### Description of the task
Output the data below only from the line containing "vervain / Verbena officinalis" up to and including the line containing "Прасета Дурок микс", exact and with the pictures left out.

### Material shown
• • • • • • •

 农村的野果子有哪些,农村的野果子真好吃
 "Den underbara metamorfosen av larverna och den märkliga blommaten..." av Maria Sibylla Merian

• • • • • • •

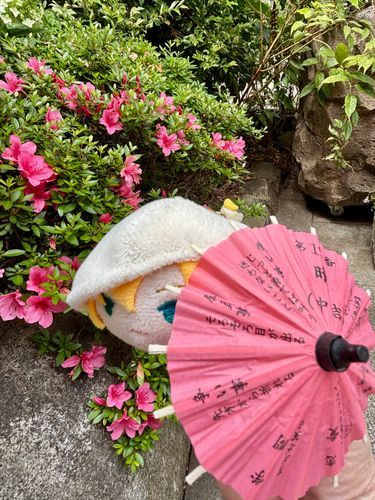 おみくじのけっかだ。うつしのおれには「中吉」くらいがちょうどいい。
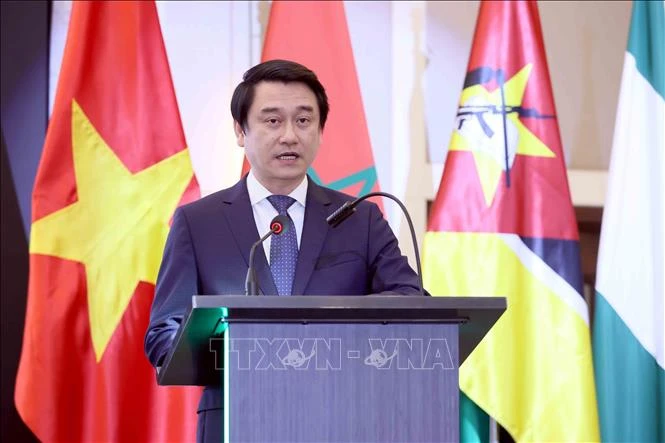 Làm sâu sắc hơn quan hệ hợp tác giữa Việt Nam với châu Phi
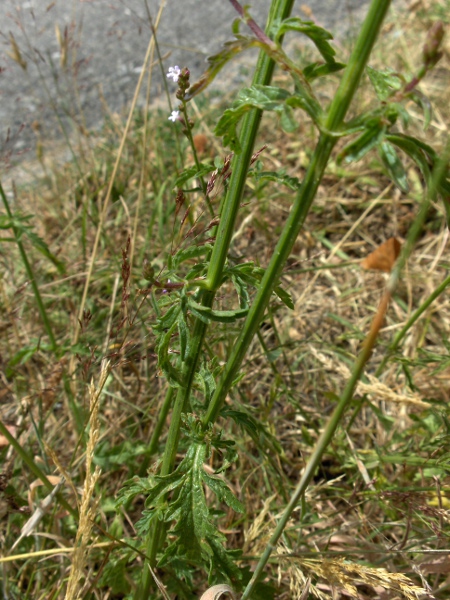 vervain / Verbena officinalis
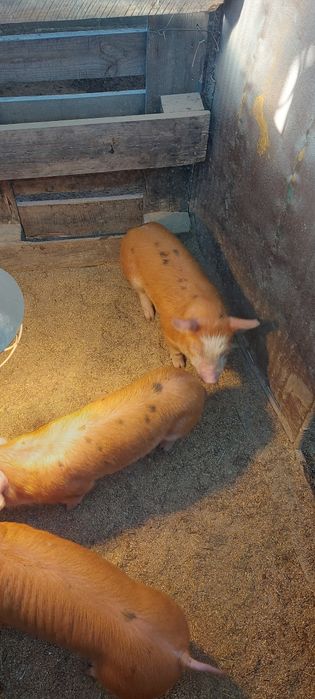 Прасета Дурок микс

• • • • • • •

### Your response
 vervain / Verbena officinalis
 Прасета Дурок микс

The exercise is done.